Monday, November 30, 2009

Parrot and Olivier in America
Reviewed by Andrew Riemer, Sydney Morning Herald

Parrot and Olivier
By Peter Carey

Hamish Hamilton,

Parrot and Olivier in America sounds like the title of a children's book, and there is indeed something irresistibly youthful about the zing and bounce of this picaresque tale spanning three continents. This is Peter Carey at his best: playful, extravagant, even rambling at times, yet fully in control. It is sometimes hard to know where these adventures are heading, yet they all finish up going somewhere meaningful and satisfying.

As with many of Carey's other works, there is a historical model – perhaps two – behind this extravaganza. It begins in France in the early years of the 19th century. Olivier de Garmont is the scion of two noble families, survivors of the Revolution and of the Terror of 1793, who have retreated to their chateau in Normandy while the vile Bonaparte reigns supreme. Olivier is a sensitive, sickly child – the servant girl Odile is often ordered to fetch the Chinese bowl filled with leeches – whose world seems to fall apart when he discovers an illustration in an old broadsheet of the execution of Louis XVI.
The swishing blade of the guillotine haunts every moment of his life. He comes to learn that many of his relatives – each represented by the carcass of a pigeon wrapped in paper – had fallen victim to that allegedly humane device.

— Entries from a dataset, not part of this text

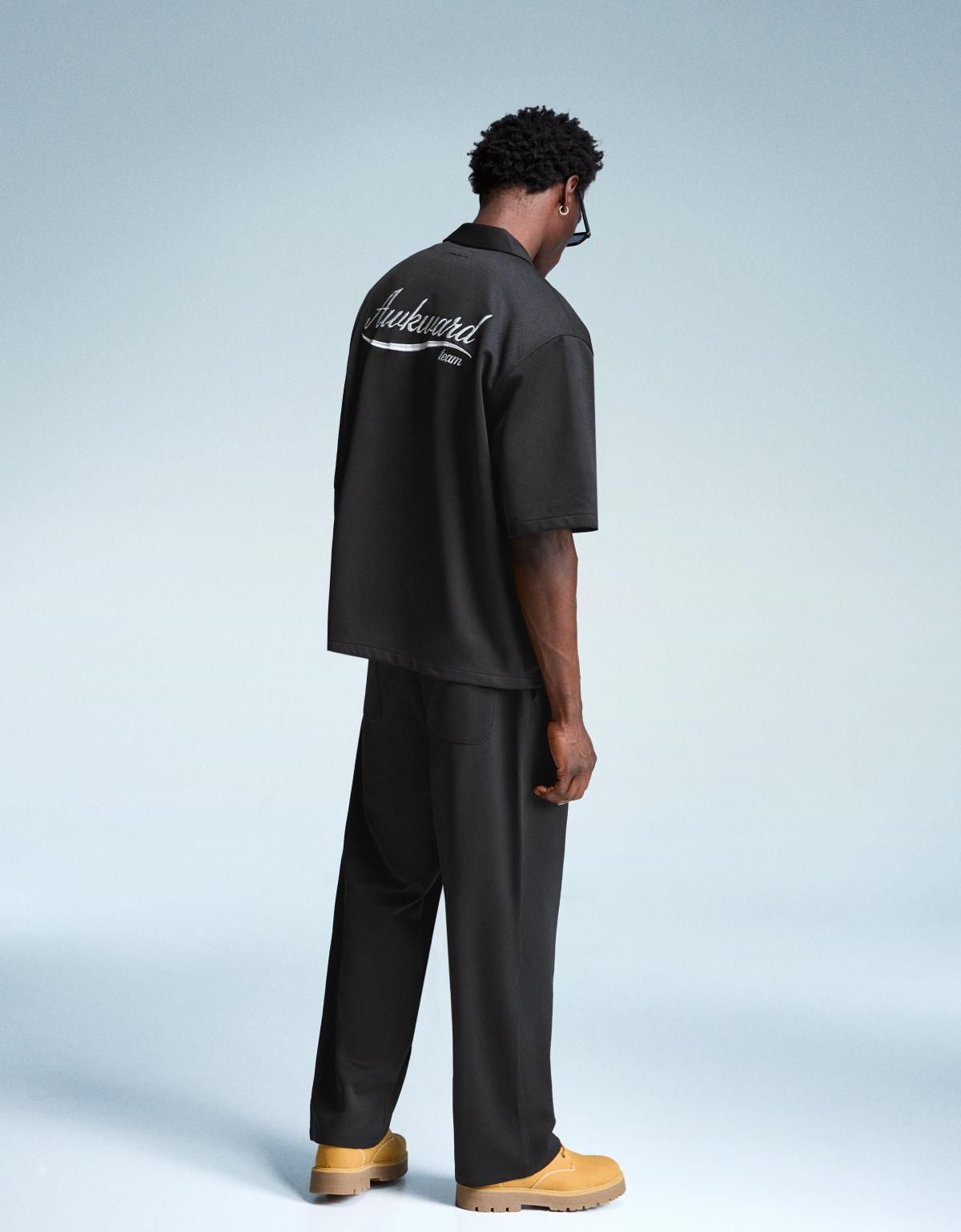 버쉬카 스트리트 와이드핏 배기 조거 팬츠 5416/710 BLACK - 상세 이미지 3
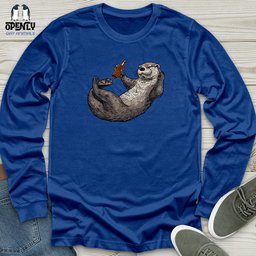 Otter Relaxation Unisex Long Sleeve Tee Gift For Animal Lover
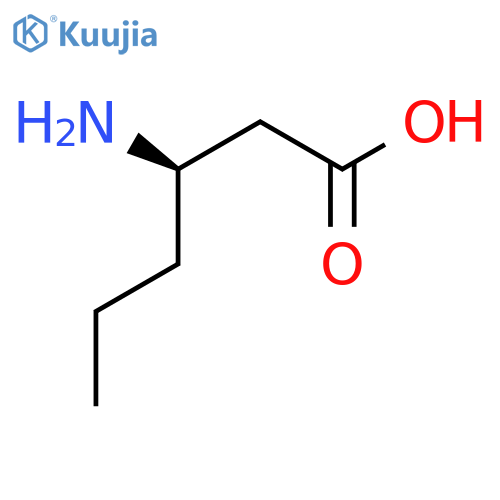 (3R)-3-aminohexanoic acid structure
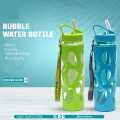 Red-Blue-Green Bubble Water Bottles Best Quality For School/Office 600ml -water bottle for girls - water bottle for boys - water bottle. 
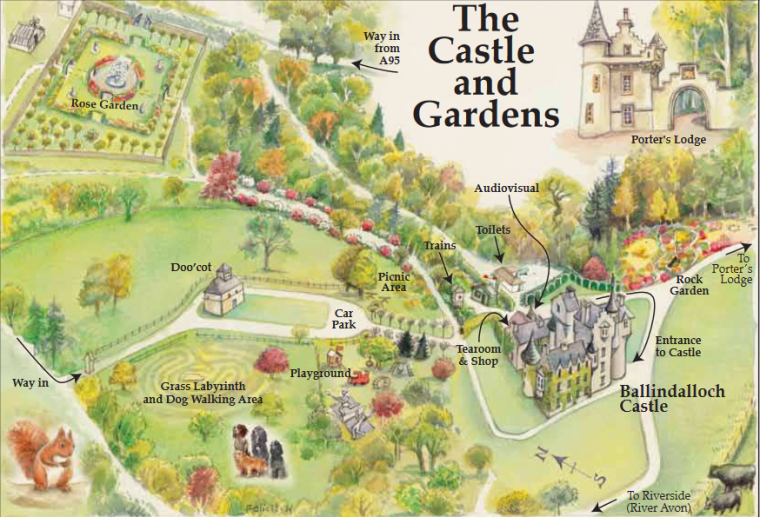 Ballindalloch Castle Map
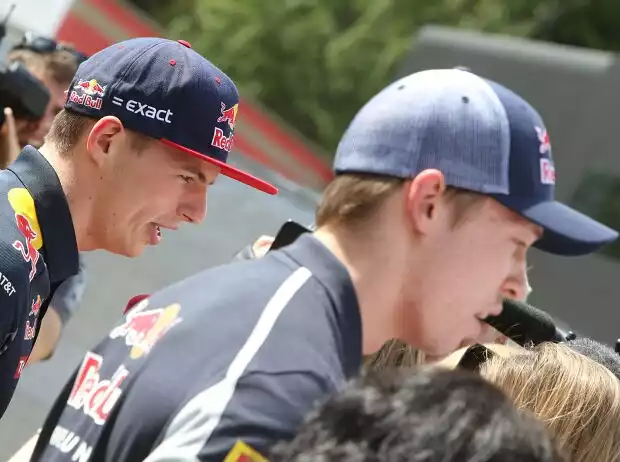 Max Verstappen, Daniil Kwjat Titel-Bild zur News: Max Verstappen, Daniil Kwjat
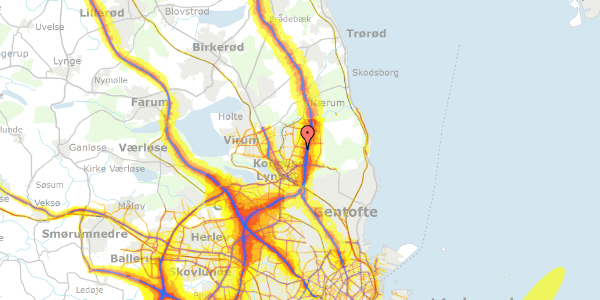 Trafikstøjkort på Matematiktorvet 304, st. , 2800 Kongens Lyngby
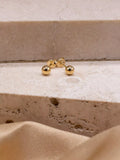 IBB gold stud earrings 18ct 4mm polished ball - British product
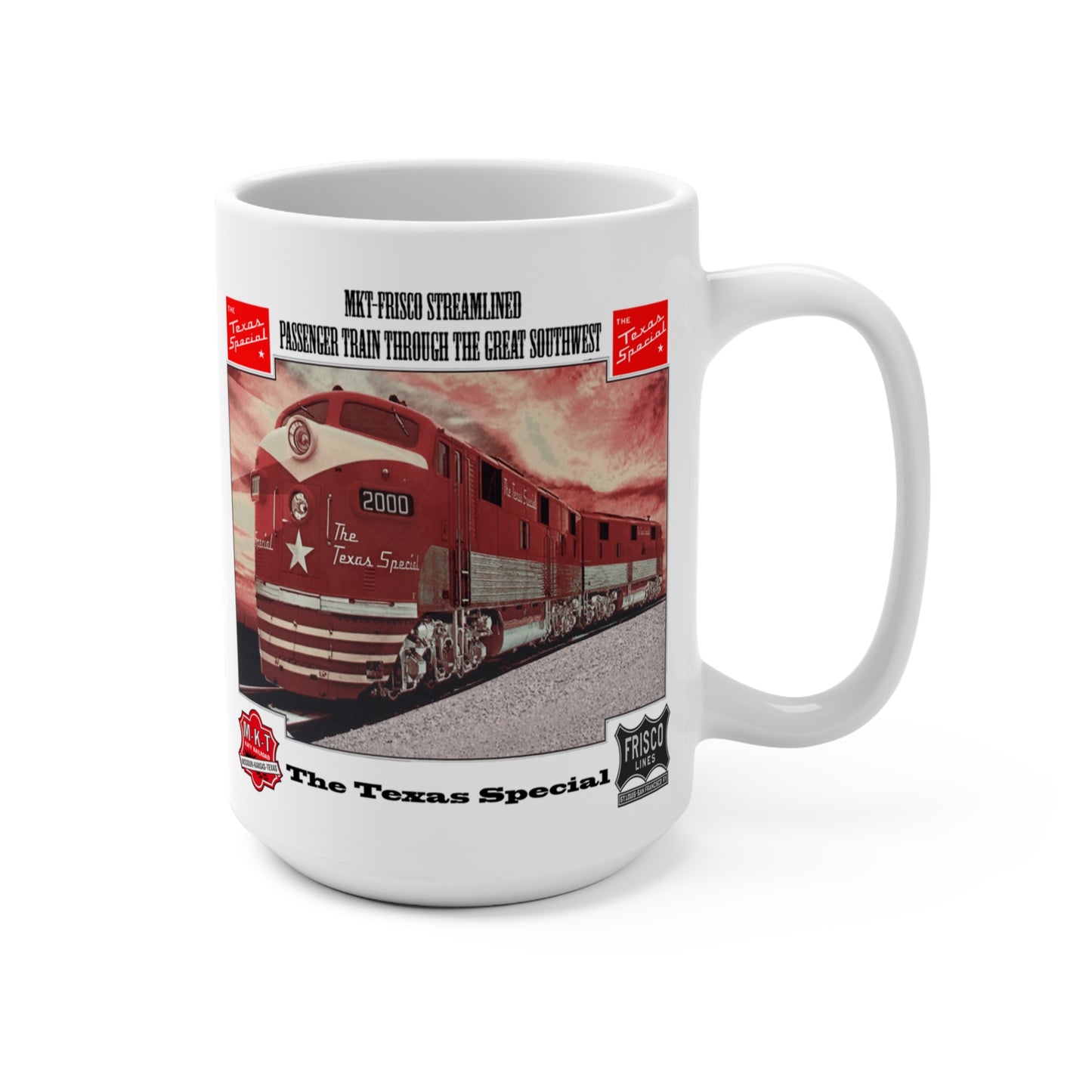 The Texas Special Railroad Coffee Mug 15oz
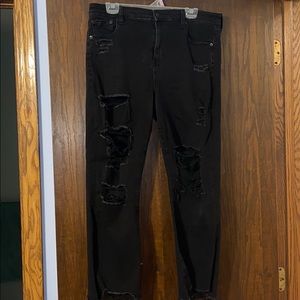 Black distressed American Eagle jeans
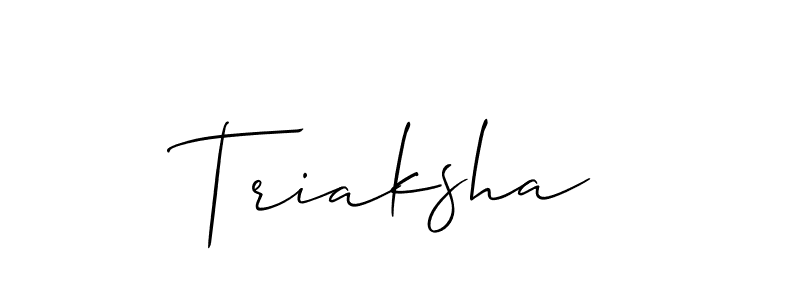 Also we have Triaksha name is the best signature style. Create professional handwritten signature collection using Allison_Script autograph style. Triaksha signature style 2 images and pictures png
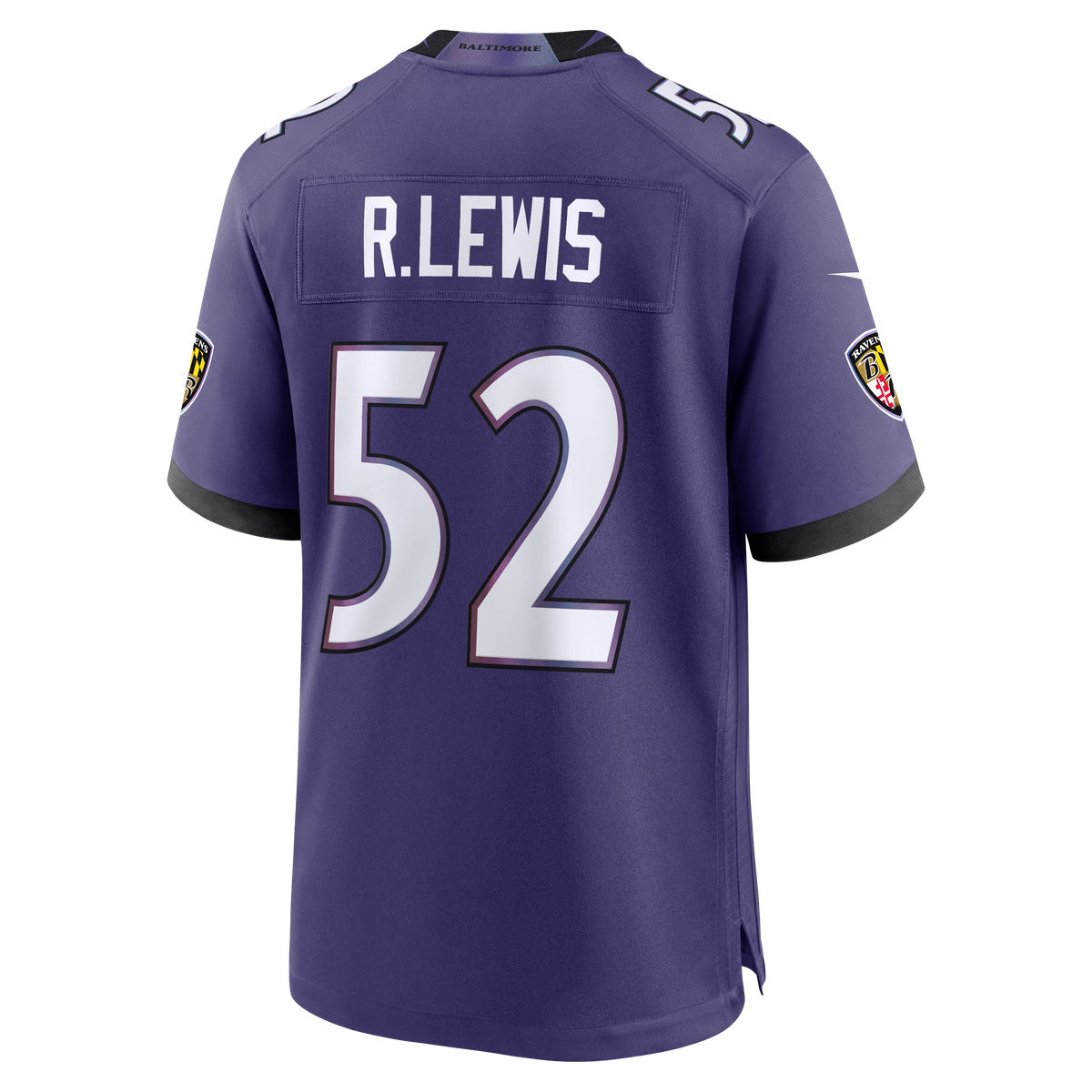 Men's Baltimore Ravens Ray Lewis Nike Purple Team Retired Player Game Jersey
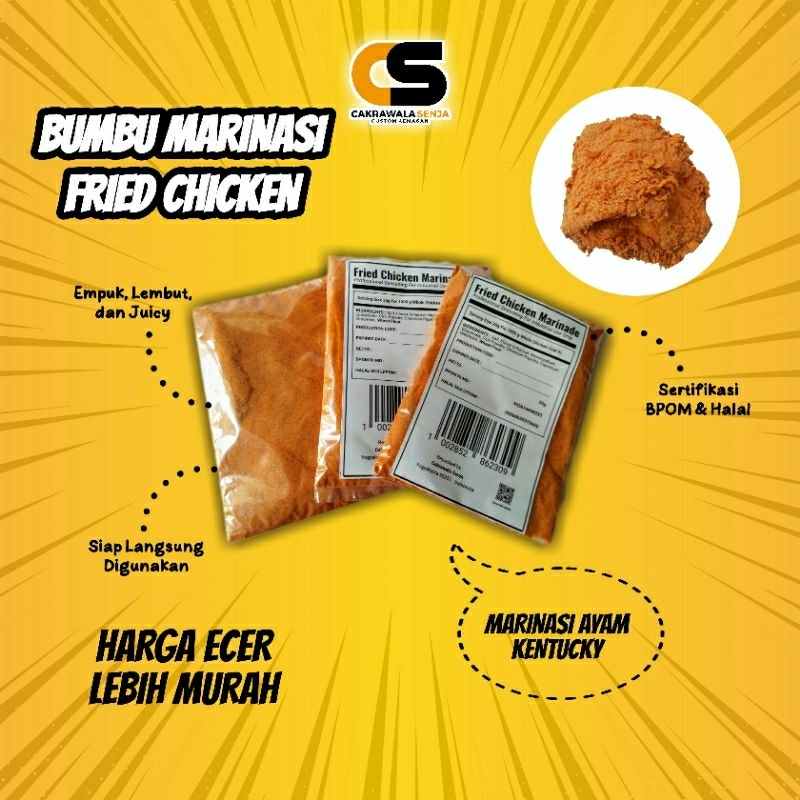 

[ECER] BUMBU MARINASI AYAM FRIED CHICKEN | BUMBU AYAM KRISPI | BUMBU BIANG | BUMBU AYAM KFC | KHUSUS INDUSTRI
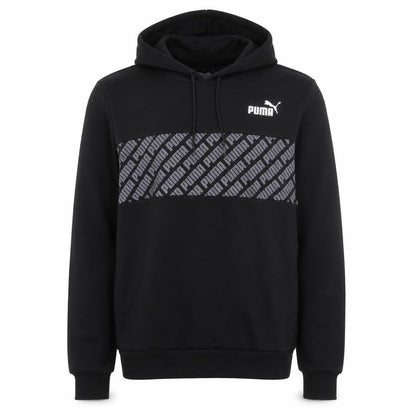 Puma Men's Black Pullover Hoodie Small Sportswear Fleece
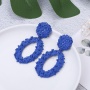 New hot sale cheap handmade oval hollow earrings jewelry indian gold plated earrings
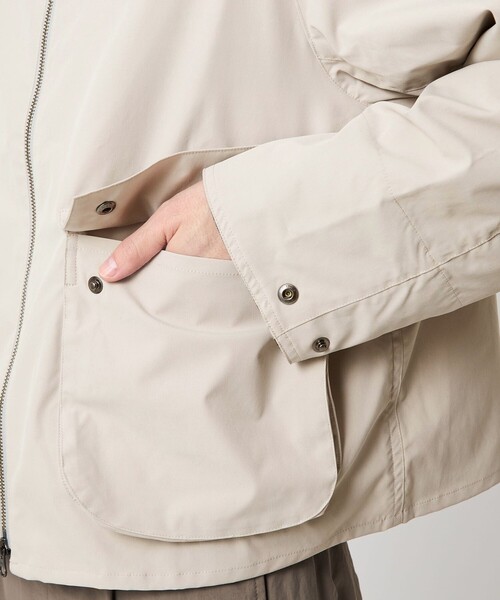 Barbour（バブアー）の「【別注】＜Barbour＞スペイ カスタム ジャケット（ブルゾン・メンズ・ブラック/ライトグレー・M/L/XL）」の18枚目の写真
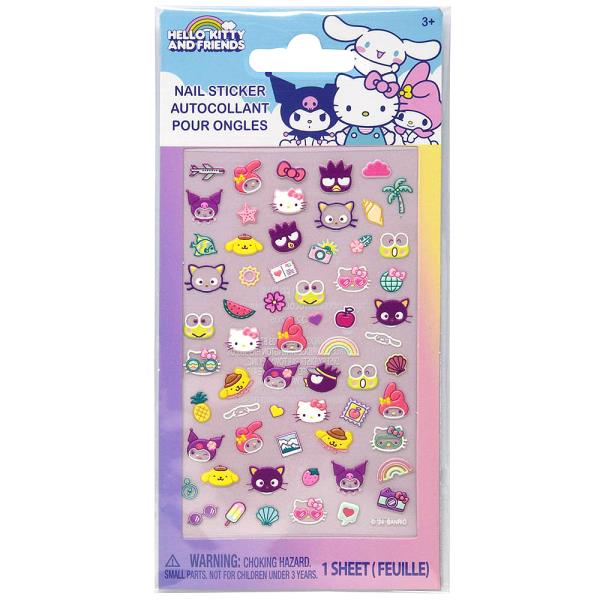 HELLO KITTY AND FRIENDS NAIL STICKERS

Time passes. When the monarchy is finally restored – after Bonaparte's second exile, to remote St Helena – Olivier's family finds itself scorned by the new order, despite their loyalty to the ancien régime during the darkest days of revolution and terror. Olivier, a lawyer in Versailles, falls under the influence of the historian François Guizot, a liberal and an opponent of the reactionary Charles X, whose overthrow in the July Revolution of 1830 Guizot helped engineer. The young lawyer is assailed by peril from all sides. His family decides to ship him off to America – ostensibly to study prison reform – to keep him out of harm's way.